Regarding education, I am proud that the Legislature, in a bipartisan manner, pushed back against the governor’s planned cuts to our local school districts and increased foundation aid funding by $934.5 million—directly assisting our students, teachers and property taxpayers. Additionally, library construction funding was increased to $44 million, which was $10 million more than the governor proposed and $10 million more than last year. This was a priority issue for me and our community, and I’d like to thank everyone in the district who took this time to sign my petition on this important issue—your voices were heard!

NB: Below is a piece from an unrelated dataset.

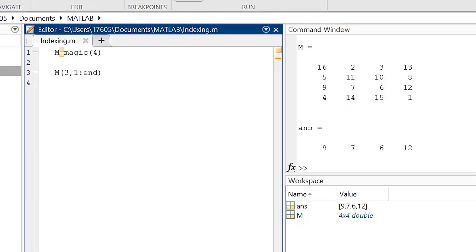Using this function in place of a number ensures that no matter how a matrix may get changed, this method of indexing will always identify the last element in a row if inputted in the column section, or vice versa. Now looking at the current array being indexed, we can see that we've identified an entire row.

A few other positive steps in this year’s budget include a new $50 million investment in the Erie Canal’s infrastructure, and Aid and Incentives for Municipalities funding was increased for the first time in over 15 years, which results in more than $300,000 in additional funding for the City of Lockport.

Though the Consolidated Local Street and Highway Improvement Program (CHIPS) funding (used by municipalities for local roads, bridges and culverts) was restored from the governor’s proposed cut, funding remained flat while the cost of materials has risen by nearly 60% in the past three years. This will impact our local highway departments. Also, BRIDGE NY, Extreme Winter Recovery and the Pave Our Potholes Programs also remained flat. After listening to our local highway superintendents, the Assembly Minority Conference requested an additional $200 million for CHIPS, but the Majorities and governor chose to reject any increase in this important infrastructure investment. 

Please know that two other budget concerns of mine were the Majority’s failure to include an increase to the volunteer firefighters’ earned income tax credit of $200, which has remained flat for decades, and that $25 million for facility and equipment upgrades for our volunteer fire departments was simply reappropriated in from last year’s budget. Therefore, an additional $25 million has not been dedicated to this important initiative, and I consider this a cut to the great need for new roofs, fire apparatus and air tanks as last year’s funding has not been distributed yet. 

These are essential services that benefit everyone, and we deserved more from the governor and the downstate-driven Majorities and New York City officials—yet, they chose instead to hand out debit cards, free hotel rooms and free cell phones to illegal migrants to the tune of $2.4 billion.

Finally, let’s end this budget update on a positive note, I was also pleased the governor and Majorities, in a bipartisan manner, did invest in a key priority of mine for several years now to help prevent childhood drowning by increasing access to swimming lessons. After learning that drowning is the number one cause of death in small children and recognizing that more than 1,000 New Yorkers died due to drowning in the past decade, I knew something on this issue had to be done. After introducing legislation and working with my colleague, Assemblywoman Stacey Pheffer Amato, a commission was established to bring attention to this issue, and the budget devotes $150 million to the NY SWIMS program to enhance and expand swimming lesson opportunities for kids all across our state, investments in our swimming pools and the recruitment and retention of lifeguards. This is an example of our government at its best: working together.

While I am proud of the successes outlined herein, it is a drop in the bucket when it comes to the overall $237 billion in state spending and the disproportionate percentages provided to programs and funding downstate. Western New Yorkers deserve more for their investment, and these are the reasons why I voted no, despite some worthwhile and important bipartisan accomplishments.